TASK TO CARRY OUT:
Once the line containing "Pánské tričko s" is found in the material below, it and every line after it should be transcribed exactly, with pictures left out and nothing added.

RECORDS TO PROCESS:
————————

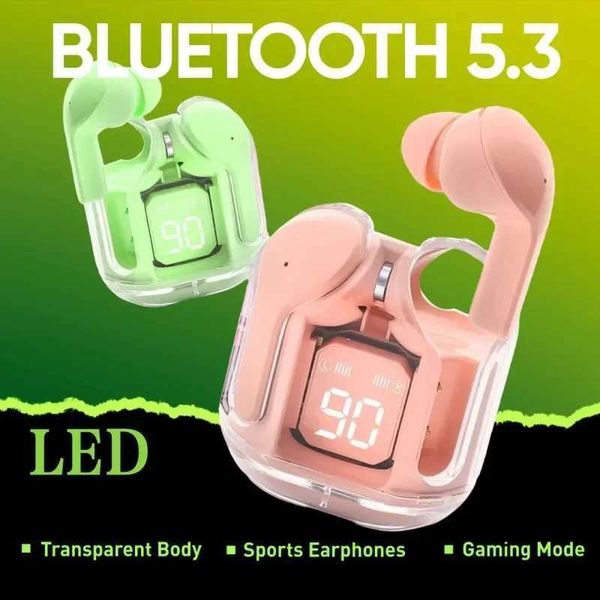 Cell Phone Earphones New T2 TWS Transparent Wireless Bluetooth Earphones HIFI Audio Quality Bluetooth Earphones Suitable for All Smartphones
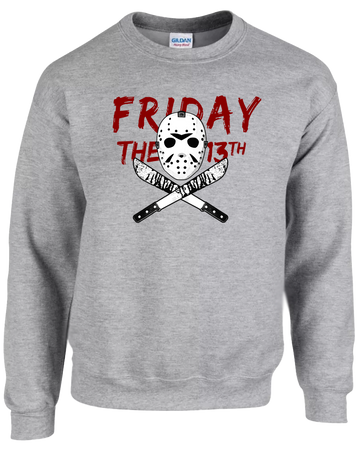 Friday the 13th | Crewneck Sweatshirt S-5XL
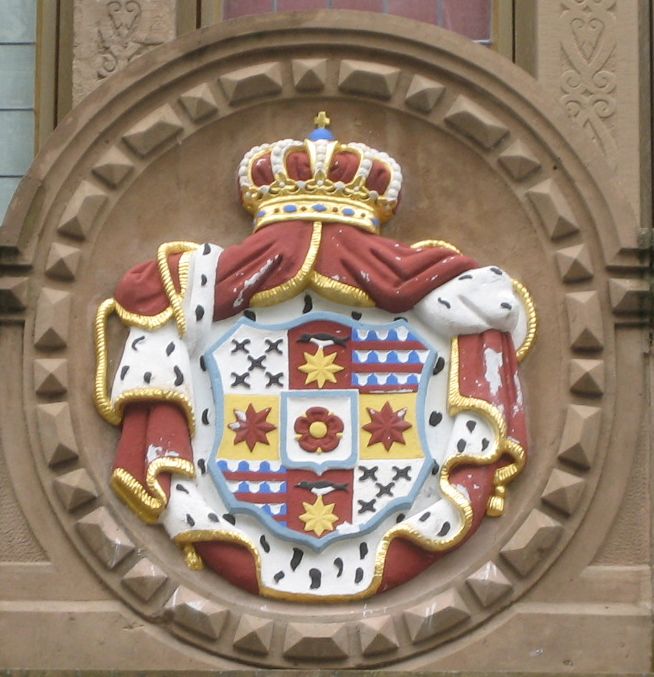 Detmold Wappen am Schmerriemenhaus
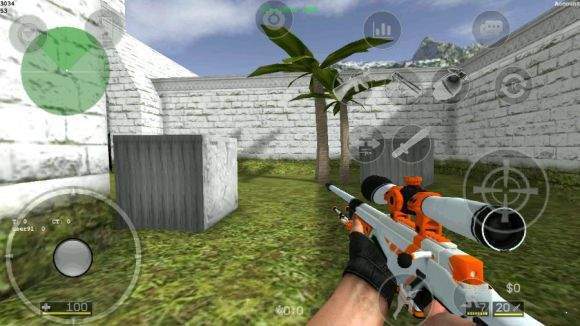 反恐精英便携版老版本(CriticalStrikePortable)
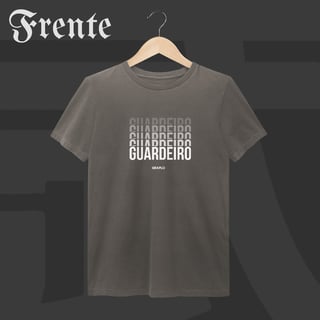 Camiseta Estonada - Guardeiro | Arte no peito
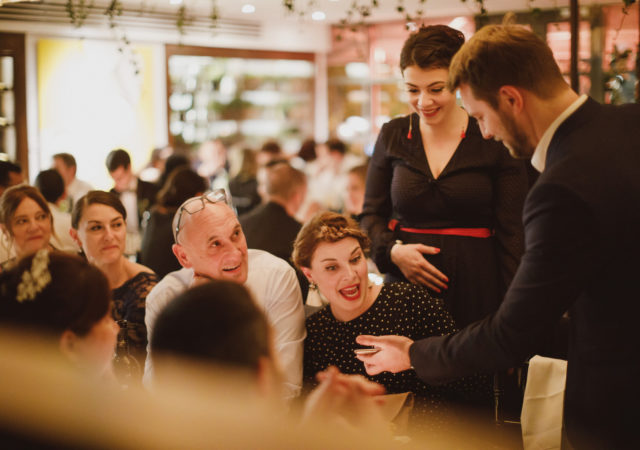 Magicien mentaliste à Lyon : Hervé Troccaz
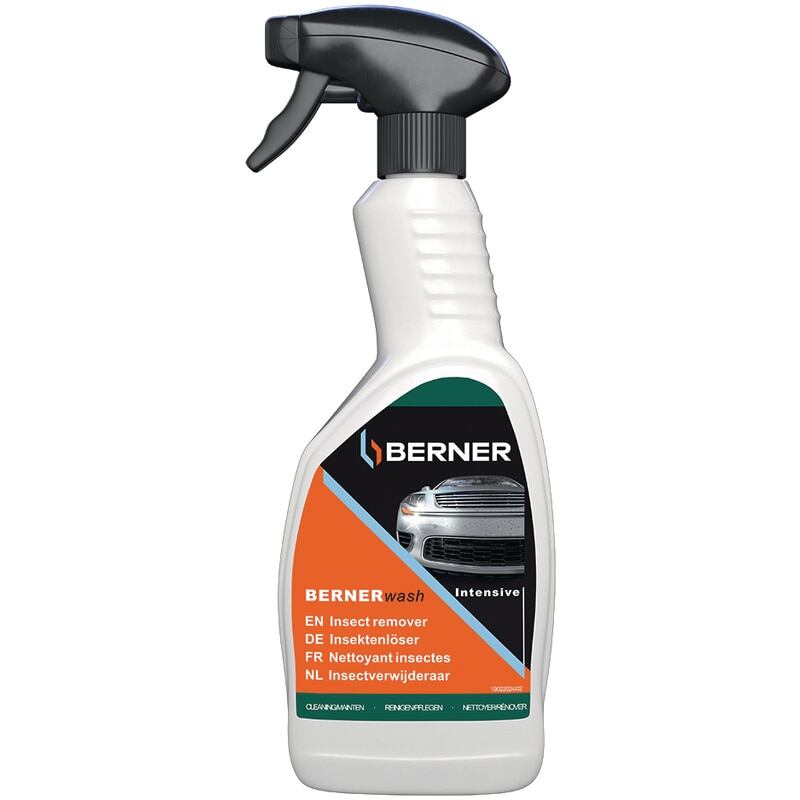 Odstraňovač hmyzu Berner Intensive BERNERwash, 500 ml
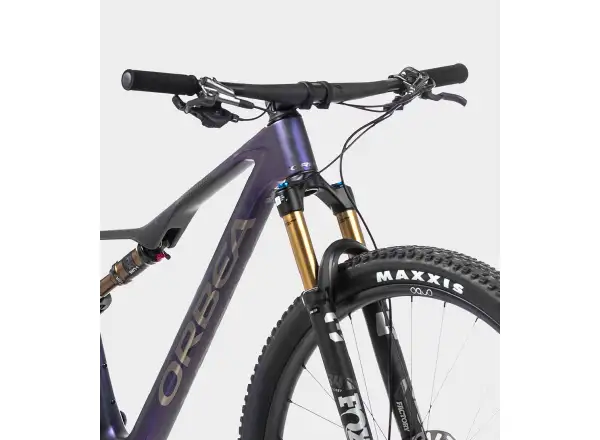 Orbea OIZ M-TEAM AXS horské kolo Digital Lavender/Carbon Raw VZOREK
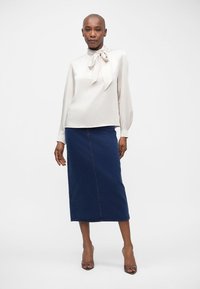 Claudie Pierlot BE MY BABY - Bluza - beige glace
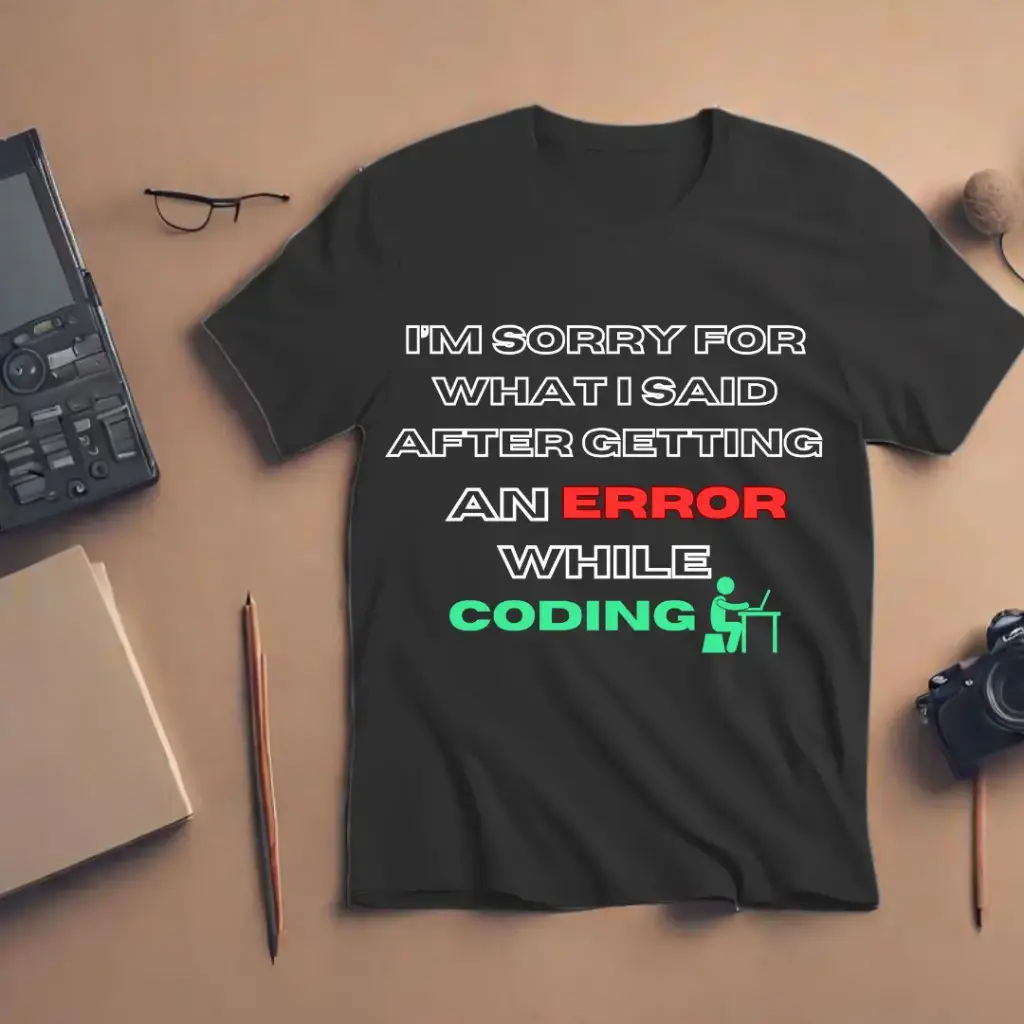 Error Coding T- shirt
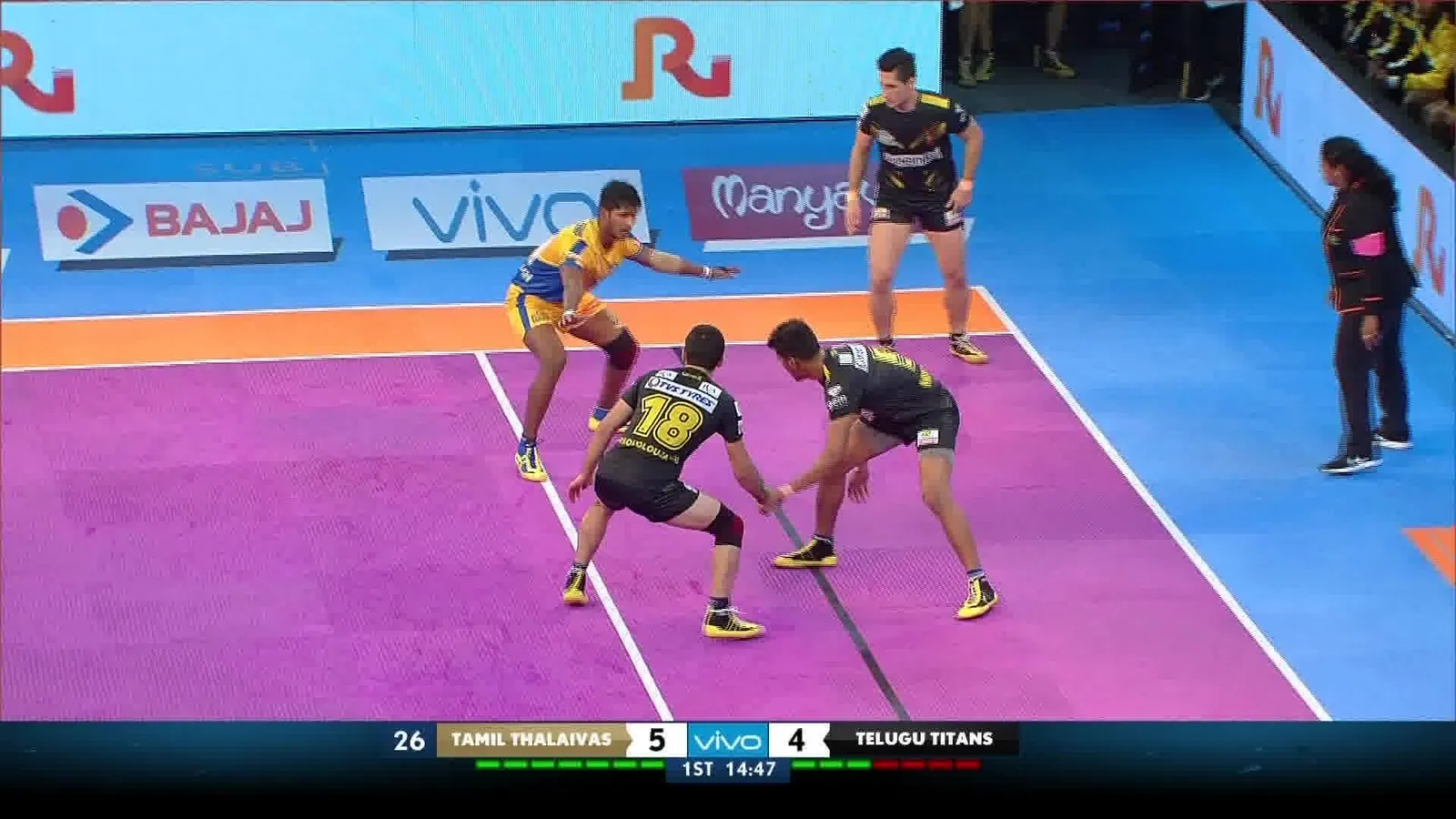 Super Tackle! Mohsen Gets Prapanjan | Airtel Xstream Play
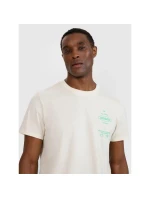 Pánské tričko s potiskem 4F 4FRSS25TTSHM2688-11S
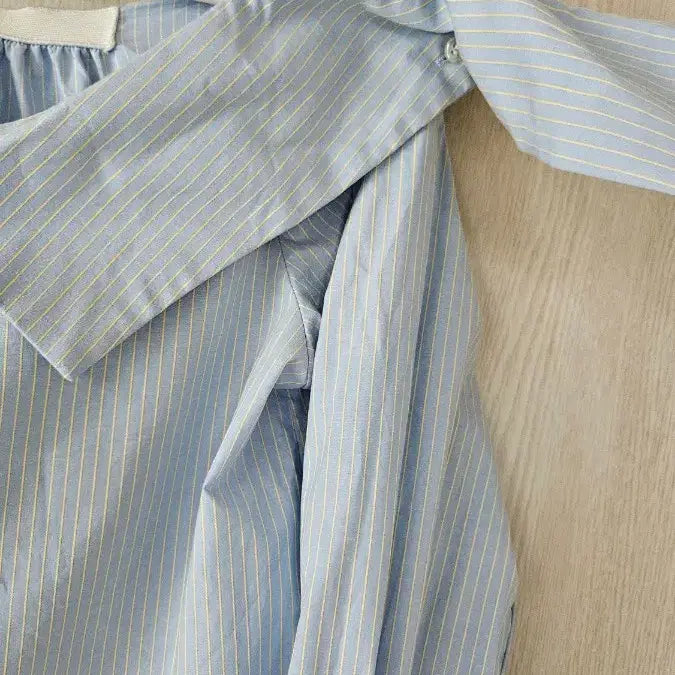 [BUNJANG] Off-shoulder Shirt / 오프숄더 셔츠 새상품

————————

ANSWER FOR THE TASK:
 Pánské tričko s potiskem 4F 4FRSS25TTSHM2688-11S
 [BUNJANG] Off-shoulder Shirt / 오프숄더 셔츠 새상품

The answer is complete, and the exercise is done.